▶ **REQUIRED WORK**: From the line containing "L-RL Ralph Lauren" to the last line below, retype everything word for word.

▶ **EXCERPTED RECORDS**:
══════

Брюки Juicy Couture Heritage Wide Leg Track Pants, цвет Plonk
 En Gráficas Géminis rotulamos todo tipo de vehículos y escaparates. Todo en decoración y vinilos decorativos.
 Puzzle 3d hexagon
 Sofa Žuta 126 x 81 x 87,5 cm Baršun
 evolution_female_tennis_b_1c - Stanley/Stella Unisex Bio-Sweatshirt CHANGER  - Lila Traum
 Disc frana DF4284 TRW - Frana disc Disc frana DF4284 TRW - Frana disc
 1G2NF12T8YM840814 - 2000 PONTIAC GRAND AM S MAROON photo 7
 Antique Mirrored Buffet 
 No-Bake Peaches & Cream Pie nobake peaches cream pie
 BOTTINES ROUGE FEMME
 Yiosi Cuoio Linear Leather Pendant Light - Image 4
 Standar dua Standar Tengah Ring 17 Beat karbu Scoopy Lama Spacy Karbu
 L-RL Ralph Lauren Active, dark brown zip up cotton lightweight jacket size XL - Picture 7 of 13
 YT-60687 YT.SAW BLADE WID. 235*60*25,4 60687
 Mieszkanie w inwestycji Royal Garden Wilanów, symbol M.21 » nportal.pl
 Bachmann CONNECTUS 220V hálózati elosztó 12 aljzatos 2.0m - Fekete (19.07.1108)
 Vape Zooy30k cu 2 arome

══════

▶ **EXERCISE RESPONSE**:
 L-RL Ralph Lauren Active, dark brown zip up cotton lightweight jacket size XL - Picture 7 of 13
 YT-60687 YT.SAW BLADE WID. 235*60*25,4 60687
 Mieszkanie w inwestycji Royal Garden Wilanów, symbol M.21 » nportal.pl
 Bachmann CONNECTUS 220V hálózati elosztó 12 aljzatos 2.0m - Fekete (19.07.1108)
 Vape Zooy30k cu 2 arome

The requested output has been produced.